ACTIVITY: Your answer must match the records word for word and contain no pictures.

DATA TO USE:
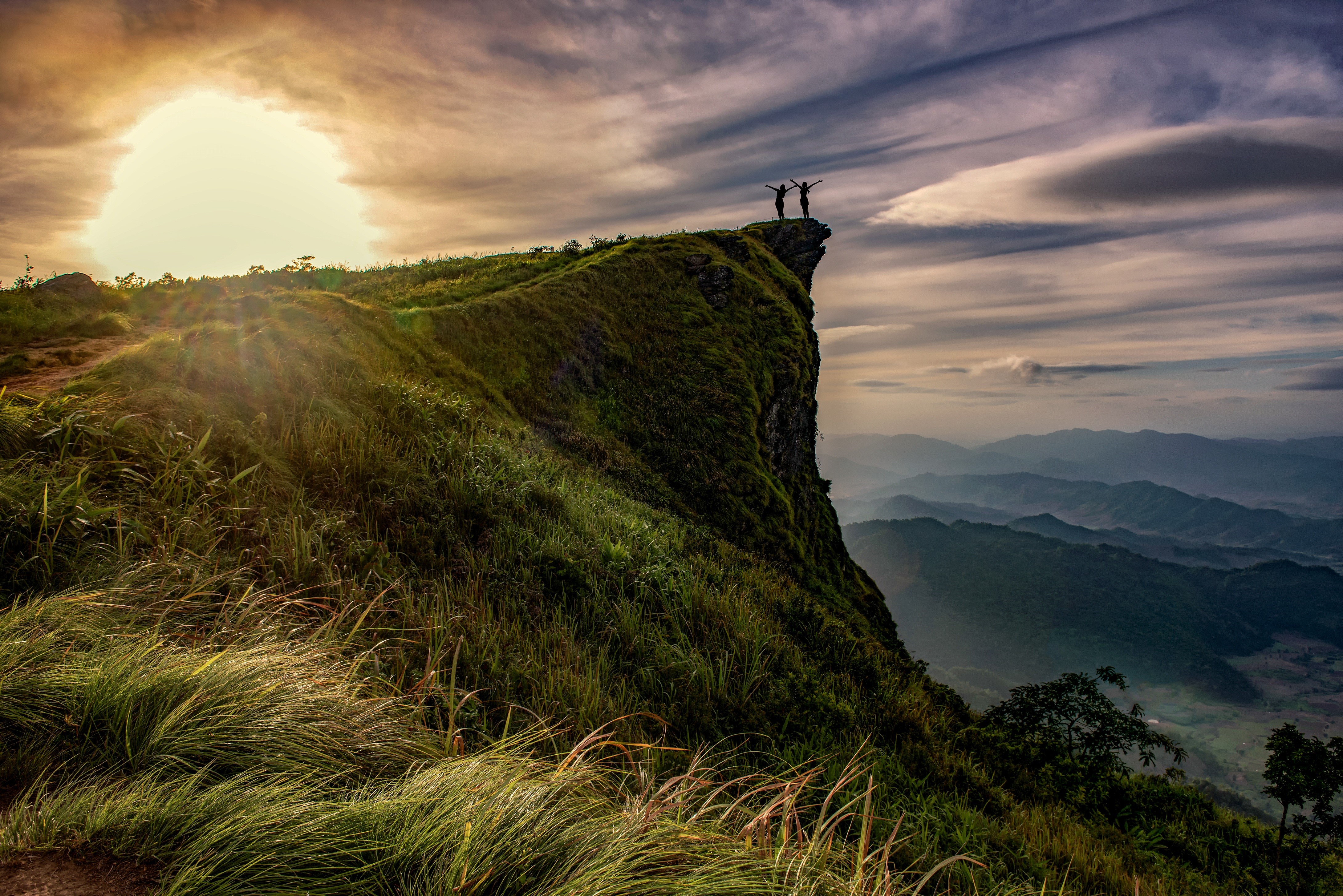 Two people on a cliff at sunset HD Wallpaper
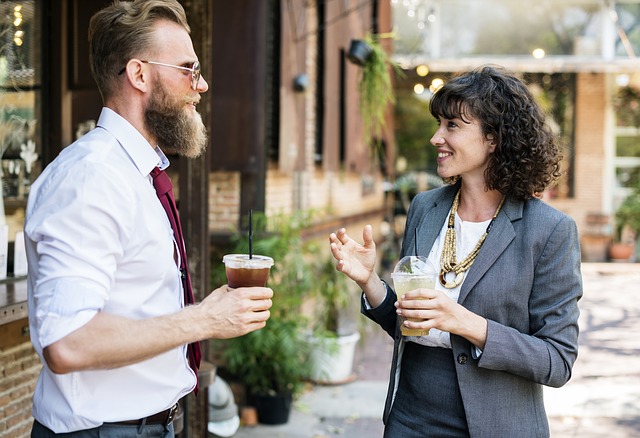 コーヒーを飲みながら会話する女性とヒゲの男性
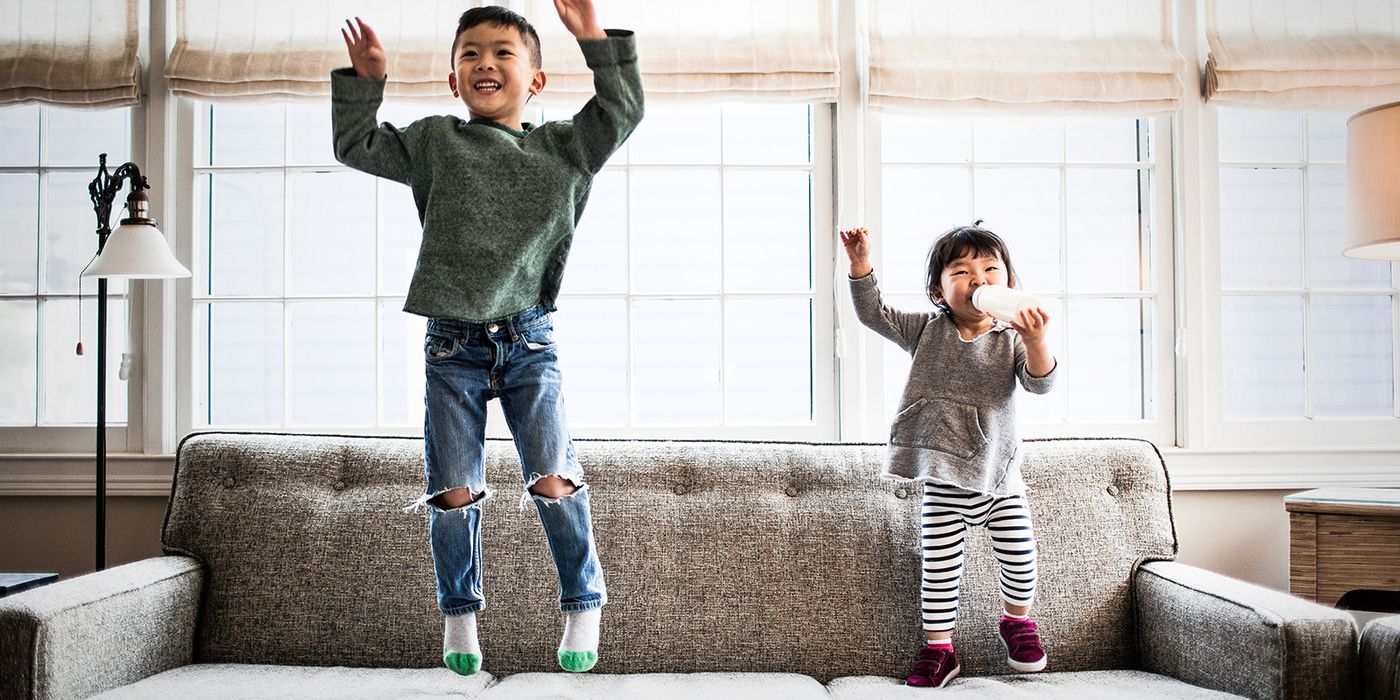 brother and sister jumping on the couch playfully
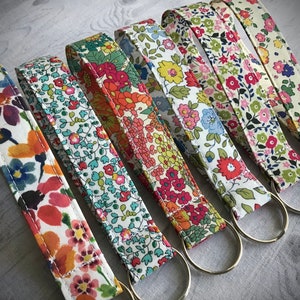 Puede incluir: Un conjunto de seis llaveros coloridos con patrones florales. Cada llavero tiene un anillo de metal plateado. Los llaveros están hechos de tela y tienen un fondo blanco con flores de varios colores.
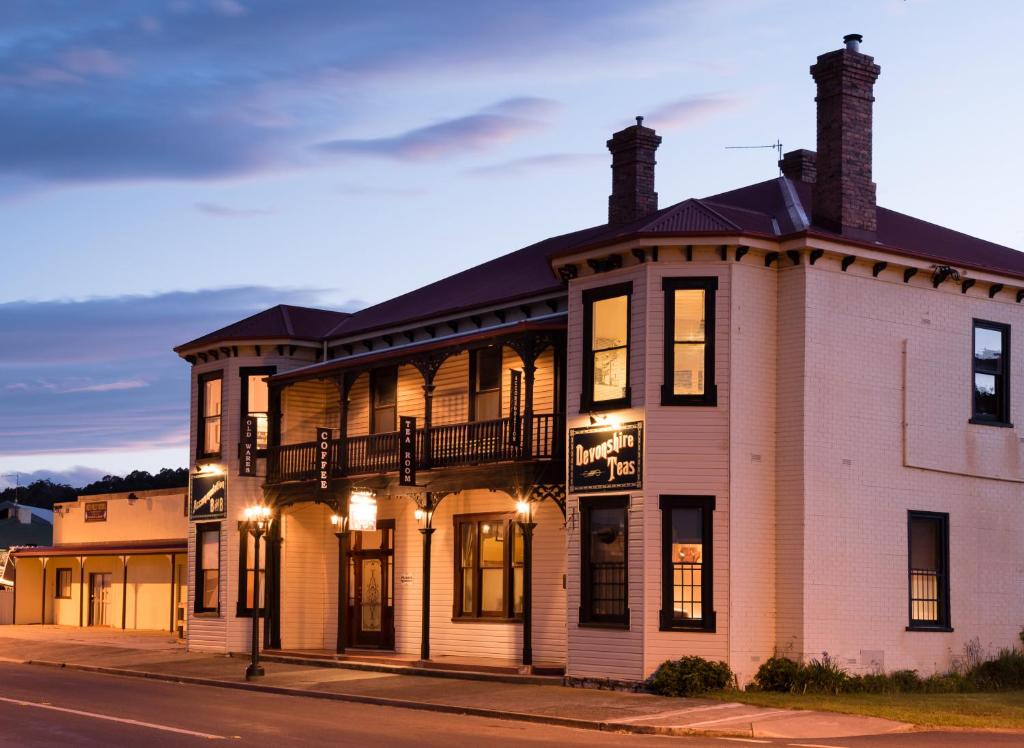 a building on the corner of a street at The Exchange Hotel - Offering Heritage Style Accommodation in Beaconsfield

EXERCISE ANSWER:
 Two people on a cliff at sunset HD Wallpaper
 コーヒーを飲みながら会話する女性とヒゲの男性
 brother and sister jumping on the couch playfully
 Puede incluir: Un conjunto de seis llaveros coloridos con patrones florales. Cada llavero tiene un anillo de metal plateado. Los llaveros están hechos de tela y tienen un fondo blanco con flores de varios colores.
 a building on the corner of a street at The Exchange Hotel - Offering Heritage Style Accommodation in Beaconsfield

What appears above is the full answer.